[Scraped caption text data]
-- Opening Marker --

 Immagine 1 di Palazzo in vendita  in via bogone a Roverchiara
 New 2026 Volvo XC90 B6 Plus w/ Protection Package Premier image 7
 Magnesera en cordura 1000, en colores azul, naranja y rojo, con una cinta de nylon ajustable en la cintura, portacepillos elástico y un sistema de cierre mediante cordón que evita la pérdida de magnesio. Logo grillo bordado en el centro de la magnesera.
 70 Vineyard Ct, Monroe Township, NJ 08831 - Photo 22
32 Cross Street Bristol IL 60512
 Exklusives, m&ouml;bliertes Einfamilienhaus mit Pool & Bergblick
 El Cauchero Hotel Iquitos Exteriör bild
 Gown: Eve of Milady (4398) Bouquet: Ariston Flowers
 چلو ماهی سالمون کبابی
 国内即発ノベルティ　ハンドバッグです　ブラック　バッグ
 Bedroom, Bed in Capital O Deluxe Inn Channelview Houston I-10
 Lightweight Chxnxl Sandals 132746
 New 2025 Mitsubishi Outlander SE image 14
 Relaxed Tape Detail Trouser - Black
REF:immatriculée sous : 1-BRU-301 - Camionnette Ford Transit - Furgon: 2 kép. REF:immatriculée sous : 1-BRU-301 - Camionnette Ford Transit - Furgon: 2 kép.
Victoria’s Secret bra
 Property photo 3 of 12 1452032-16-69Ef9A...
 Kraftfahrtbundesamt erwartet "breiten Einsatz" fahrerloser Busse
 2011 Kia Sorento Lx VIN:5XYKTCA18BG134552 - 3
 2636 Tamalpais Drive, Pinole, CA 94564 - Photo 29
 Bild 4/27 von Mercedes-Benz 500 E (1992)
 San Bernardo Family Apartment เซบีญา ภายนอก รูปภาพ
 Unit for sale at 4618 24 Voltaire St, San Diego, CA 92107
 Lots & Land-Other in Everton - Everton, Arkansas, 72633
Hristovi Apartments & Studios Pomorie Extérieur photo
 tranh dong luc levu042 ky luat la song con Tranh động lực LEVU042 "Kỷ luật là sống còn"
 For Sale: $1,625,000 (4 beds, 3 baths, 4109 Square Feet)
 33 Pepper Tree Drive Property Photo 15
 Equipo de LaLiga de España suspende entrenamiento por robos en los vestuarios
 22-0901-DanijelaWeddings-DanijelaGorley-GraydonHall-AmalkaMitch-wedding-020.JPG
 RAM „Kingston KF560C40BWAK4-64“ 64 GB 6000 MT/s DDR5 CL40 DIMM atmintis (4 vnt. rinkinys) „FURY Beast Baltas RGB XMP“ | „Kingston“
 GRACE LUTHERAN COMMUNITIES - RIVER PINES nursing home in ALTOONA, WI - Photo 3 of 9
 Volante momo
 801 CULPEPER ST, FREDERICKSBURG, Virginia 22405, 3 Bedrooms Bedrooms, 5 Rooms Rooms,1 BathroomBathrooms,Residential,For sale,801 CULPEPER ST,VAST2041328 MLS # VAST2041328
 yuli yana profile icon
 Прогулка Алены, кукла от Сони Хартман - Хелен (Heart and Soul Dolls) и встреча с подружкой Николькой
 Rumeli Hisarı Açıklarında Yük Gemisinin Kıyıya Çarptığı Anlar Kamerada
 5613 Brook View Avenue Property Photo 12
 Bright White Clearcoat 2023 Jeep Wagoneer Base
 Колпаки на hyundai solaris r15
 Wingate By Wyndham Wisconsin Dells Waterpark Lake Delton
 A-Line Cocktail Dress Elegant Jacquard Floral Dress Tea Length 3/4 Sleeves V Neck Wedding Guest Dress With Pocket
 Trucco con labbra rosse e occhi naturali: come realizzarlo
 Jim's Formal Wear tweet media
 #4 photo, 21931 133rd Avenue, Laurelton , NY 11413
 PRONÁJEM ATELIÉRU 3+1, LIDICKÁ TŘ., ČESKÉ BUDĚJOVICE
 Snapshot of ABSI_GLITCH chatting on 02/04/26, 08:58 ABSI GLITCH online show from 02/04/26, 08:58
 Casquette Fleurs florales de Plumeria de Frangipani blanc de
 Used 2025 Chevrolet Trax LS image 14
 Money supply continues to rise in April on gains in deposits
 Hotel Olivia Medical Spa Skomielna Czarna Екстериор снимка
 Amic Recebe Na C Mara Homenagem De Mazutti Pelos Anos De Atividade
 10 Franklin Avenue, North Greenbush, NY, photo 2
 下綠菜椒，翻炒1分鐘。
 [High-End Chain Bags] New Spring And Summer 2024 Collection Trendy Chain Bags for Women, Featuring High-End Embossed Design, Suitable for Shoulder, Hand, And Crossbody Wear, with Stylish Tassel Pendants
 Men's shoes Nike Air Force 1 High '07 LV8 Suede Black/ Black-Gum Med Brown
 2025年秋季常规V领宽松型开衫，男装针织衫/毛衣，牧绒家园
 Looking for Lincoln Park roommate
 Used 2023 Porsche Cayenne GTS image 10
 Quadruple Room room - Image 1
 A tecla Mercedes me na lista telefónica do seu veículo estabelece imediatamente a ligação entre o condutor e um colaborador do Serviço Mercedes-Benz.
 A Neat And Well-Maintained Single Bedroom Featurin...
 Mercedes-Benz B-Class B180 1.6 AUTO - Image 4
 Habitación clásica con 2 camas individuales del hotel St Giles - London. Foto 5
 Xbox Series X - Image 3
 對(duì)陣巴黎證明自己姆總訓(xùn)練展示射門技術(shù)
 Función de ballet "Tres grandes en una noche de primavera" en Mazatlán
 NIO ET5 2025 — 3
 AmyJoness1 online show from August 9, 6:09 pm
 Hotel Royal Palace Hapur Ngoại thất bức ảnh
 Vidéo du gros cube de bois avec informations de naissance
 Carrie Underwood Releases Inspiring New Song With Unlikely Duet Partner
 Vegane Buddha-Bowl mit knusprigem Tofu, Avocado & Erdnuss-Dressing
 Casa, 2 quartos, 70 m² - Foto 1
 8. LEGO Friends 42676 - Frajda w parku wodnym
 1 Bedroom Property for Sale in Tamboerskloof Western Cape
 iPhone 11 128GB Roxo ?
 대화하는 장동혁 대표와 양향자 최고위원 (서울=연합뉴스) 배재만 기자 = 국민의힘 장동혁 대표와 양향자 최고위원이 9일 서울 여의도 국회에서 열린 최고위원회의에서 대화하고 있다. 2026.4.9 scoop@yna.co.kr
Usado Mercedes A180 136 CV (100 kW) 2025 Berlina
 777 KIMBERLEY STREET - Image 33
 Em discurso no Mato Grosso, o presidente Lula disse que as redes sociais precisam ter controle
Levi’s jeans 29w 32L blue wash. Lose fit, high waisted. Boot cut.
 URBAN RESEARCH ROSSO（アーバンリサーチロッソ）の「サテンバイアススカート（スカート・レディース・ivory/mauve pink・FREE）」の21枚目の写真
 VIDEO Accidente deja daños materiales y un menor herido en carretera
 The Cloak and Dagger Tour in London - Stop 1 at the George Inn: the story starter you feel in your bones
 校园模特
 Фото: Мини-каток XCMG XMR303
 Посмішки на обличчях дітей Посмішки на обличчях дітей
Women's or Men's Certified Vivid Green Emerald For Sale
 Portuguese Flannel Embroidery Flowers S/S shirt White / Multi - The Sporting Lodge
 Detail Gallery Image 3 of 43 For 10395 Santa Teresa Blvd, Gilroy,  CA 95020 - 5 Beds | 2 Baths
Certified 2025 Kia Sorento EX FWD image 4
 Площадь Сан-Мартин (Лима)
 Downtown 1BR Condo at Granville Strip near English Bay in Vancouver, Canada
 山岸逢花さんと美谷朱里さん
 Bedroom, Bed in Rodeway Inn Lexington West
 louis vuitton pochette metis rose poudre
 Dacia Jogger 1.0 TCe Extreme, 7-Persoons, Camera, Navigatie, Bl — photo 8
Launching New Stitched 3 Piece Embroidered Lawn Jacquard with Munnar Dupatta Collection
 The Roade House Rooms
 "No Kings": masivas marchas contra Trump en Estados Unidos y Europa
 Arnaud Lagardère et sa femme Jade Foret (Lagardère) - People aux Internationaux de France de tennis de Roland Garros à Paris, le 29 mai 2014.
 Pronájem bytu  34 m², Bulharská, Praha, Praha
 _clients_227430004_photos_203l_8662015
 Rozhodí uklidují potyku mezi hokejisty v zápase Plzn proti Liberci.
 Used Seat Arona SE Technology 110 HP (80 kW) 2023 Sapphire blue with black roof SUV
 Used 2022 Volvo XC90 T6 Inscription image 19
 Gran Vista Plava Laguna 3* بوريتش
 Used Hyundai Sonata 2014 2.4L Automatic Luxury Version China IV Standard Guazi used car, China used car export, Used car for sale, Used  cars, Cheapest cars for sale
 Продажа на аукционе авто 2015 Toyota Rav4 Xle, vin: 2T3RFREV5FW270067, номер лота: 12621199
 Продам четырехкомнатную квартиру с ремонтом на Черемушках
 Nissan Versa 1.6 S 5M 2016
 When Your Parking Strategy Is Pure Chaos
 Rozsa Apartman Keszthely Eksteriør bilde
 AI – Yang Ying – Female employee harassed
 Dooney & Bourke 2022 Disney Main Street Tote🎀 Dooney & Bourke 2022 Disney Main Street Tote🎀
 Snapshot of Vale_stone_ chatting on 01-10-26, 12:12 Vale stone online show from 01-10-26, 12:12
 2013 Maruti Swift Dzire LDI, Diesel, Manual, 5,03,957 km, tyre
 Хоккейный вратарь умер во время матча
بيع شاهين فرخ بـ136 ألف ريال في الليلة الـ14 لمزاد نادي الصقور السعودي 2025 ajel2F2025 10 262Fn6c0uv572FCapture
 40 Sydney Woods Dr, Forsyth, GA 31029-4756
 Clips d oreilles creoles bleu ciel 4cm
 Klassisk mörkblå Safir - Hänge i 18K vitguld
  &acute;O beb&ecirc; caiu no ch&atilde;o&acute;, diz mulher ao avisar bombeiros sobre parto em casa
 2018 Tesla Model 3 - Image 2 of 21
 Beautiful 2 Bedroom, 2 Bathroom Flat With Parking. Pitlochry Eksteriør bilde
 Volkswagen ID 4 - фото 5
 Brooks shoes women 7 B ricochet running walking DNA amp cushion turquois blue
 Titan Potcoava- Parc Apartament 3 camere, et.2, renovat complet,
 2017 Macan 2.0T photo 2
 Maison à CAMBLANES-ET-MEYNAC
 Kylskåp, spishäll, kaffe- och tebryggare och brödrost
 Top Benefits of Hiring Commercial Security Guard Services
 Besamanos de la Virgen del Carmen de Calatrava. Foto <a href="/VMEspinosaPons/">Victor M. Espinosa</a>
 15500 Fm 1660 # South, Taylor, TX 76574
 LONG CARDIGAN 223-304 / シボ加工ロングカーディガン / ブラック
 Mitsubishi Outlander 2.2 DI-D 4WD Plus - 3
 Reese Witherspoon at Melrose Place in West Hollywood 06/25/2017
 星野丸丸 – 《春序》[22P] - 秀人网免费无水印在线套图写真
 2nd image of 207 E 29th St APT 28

-- Closing Marker --

» **Task prompt**
The lines needed run from the first line of the data through the line containing "Lots & Land-Other"; give them again exactly and nothing else.

» **Result for this exercise**
 Immagine 1 di Palazzo in vendita  in via bogone a Roverchiara
 New 2026 Volvo XC90 B6 Plus w/ Protection Package Premier image 7
 Magnesera en cordura 1000, en colores azul, naranja y rojo, con una cinta de nylon ajustable en la cintura, portacepillos elástico y un sistema de cierre mediante cordón que evita la pérdida de magnesio. Logo grillo bordado en el centro de la magnesera.
 70 Vineyard Ct, Monroe Township, NJ 08831 - Photo 22
32 Cross Street Bristol IL 60512
 Exklusives, m&ouml;bliertes Einfamilienhaus mit Pool & Bergblick
 El Cauchero Hotel Iquitos Exteriör bild
 Gown: Eve of Milady (4398) Bouquet: Ariston Flowers
 چلو ماهی سالمون کبابی
 国内即発ノベルティ　ハンドバッグです　ブラック　バッグ
 Bedroom, Bed in Capital O Deluxe Inn Channelview Houston I-10
 Lightweight Chxnxl Sandals 132746
 New 2025 Mitsubishi Outlander SE image 14
 Relaxed Tape Detail Trouser - Black
REF:immatriculée sous : 1-BRU-301 - Camionnette Ford Transit - Furgon: 2 kép. REF:immatriculée sous : 1-BRU-301 - Camionnette Ford Transit - Furgon: 2 kép.
Victoria’s Secret bra
 Property photo 3 of 12 1452032-16-69Ef9A...
 Kraftfahrtbundesamt erwartet "breiten Einsatz" fahrerloser Busse
 2011 Kia Sorento Lx VIN:5XYKTCA18BG134552 - 3
 2636 Tamalpais Drive, Pinole, CA 94564 - Photo 29
 Bild 4/27 von Mercedes-Benz 500 E (1992)
 San Bernardo Family Apartment เซบีญา ภายนอก รูปภาพ
 Unit for sale at 4618 24 Voltaire St, San Diego, CA 92107
 Lots & Land-Other in Everton - Everton, Arkansas, 72633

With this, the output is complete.